The task of selecting a theme to accompany Holocaust Memorial Day must be daunting. As this blog reflects, they are very different, year by year. Like any annual event requiring fresh perspectives, they also vary in accessibility. The theme for 2023, Ordinary People, for example, was a godsend, daunting only in that people had to choose from the myriad possibilities for reflection and education it offered.
I will confess, therefore, that The Fragility of Freedom did not initially catch my imagination. It seemed forced, and actually difficult to map onto the history of the Holocaust in a concrete way. It seemed to suggest the road not taken. For in many ways, the very fragility it sought to identify and commemorate means it is hard to identify historically. It also offered the potential to revive dated models of thought about the Nazi past, suggesting a totalitarian terror-driven state in which obedience was mandated and heavily regulated. More recent scholarship has tended to emphasise the consensual, in what Neil Gregor termed “the voluntarist turn” in his typically coruscating prose: “…the Nazi campaign of genocide was, in many respects, a far more de-centered process, or set of processes, involving mutually reinforcing interactions between the leadership and its often quite autonomous agents on the ground, than an older historiography, with its one-sided focus on decision-making in Berlin and on implementation at a few, major killing sites, led us to believe.”
In short, the Nazi regime in Germany and in the occupied countries of Europe in WW2, offered far more scope for freedom of action than is commonly supposed. Most teachers have, I suspect, encountered references to “brainwashing” or the threat of punishment for non-compliance with killing. The belief that killers only killed when threatened or forced is a staple of discourse, as I explored a few months ago. And my concern was that The Fragility of Freedom might reinforce some of those ideas.

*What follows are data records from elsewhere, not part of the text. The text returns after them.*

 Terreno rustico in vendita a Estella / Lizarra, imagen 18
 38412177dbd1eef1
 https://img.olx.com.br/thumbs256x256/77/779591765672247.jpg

But then 7 October happened, along with the subsequent military reprisal in Gaza. I am not going to comment on that situation here, because I am not an expert, and I have no influence over anyone who might be able to really change things. But the theme of The Fragility of Freedom has come to be terribly significant, as the anxieties, fears, anger and grief at what is happening there have been acted out here. I was privileged to be asked to deliver a 30-minute presentation on the theme at a London school on behalf of the Holocaust Educational Trust. I share it here as a download. But its final paragraph is important:
My suggestion is this. At every moment, however demanding it is, however angry, worried, or desperate we are, we stop and remember that we are a community that lives in freedom. But that freedom can only exist safely if we first make a space for peace: if we put our common humanity ahead of hatreds. If we listen to each other in our pain, distress and confusion as closely as I hope you will listen to the survivor who will speak to you. Do not do to others that which is repugnant to you. The rest indeed is commentary. Now live its meaning.
The problem with The Fragility of Freedom is that it divorces us from the responsibility to maintain it. Freedom is only as fragile as we make it. Hatred and prejudice on our streets and in our politics will not change anything for the better there, and will corrode our society here. Freedom is fragile like candle flame in a high wind: the challenge is not to light it, but to keep it burning.